(Web page caption snippets)

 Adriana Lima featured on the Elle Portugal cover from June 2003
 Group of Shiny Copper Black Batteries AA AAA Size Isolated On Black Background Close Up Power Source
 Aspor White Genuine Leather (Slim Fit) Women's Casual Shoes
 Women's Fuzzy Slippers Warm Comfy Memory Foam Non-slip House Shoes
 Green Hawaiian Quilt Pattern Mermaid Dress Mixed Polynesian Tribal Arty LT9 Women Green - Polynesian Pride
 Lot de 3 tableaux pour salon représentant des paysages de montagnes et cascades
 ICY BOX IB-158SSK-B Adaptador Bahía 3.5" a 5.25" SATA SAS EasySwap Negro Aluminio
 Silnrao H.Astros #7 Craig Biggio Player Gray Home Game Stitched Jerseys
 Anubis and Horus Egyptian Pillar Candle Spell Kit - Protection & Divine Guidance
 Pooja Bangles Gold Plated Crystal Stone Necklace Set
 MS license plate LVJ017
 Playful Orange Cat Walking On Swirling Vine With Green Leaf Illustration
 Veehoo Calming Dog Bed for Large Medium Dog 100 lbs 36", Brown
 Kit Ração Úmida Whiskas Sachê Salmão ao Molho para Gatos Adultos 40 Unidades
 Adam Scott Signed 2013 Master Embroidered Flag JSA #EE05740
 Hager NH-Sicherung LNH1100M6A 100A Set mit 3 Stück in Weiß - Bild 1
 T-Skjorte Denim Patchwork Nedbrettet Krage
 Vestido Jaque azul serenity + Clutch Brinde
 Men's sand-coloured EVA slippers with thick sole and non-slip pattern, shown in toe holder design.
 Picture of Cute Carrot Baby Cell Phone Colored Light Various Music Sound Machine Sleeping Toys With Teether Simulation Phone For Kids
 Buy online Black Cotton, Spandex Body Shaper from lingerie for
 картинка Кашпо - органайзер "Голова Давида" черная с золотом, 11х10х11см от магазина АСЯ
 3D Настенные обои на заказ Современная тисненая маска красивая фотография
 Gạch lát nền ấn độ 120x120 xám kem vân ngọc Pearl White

Your assignment: Determine how many lines in the entries above hold the string "from", then report that number and nothing further.

Solution to the problem: 2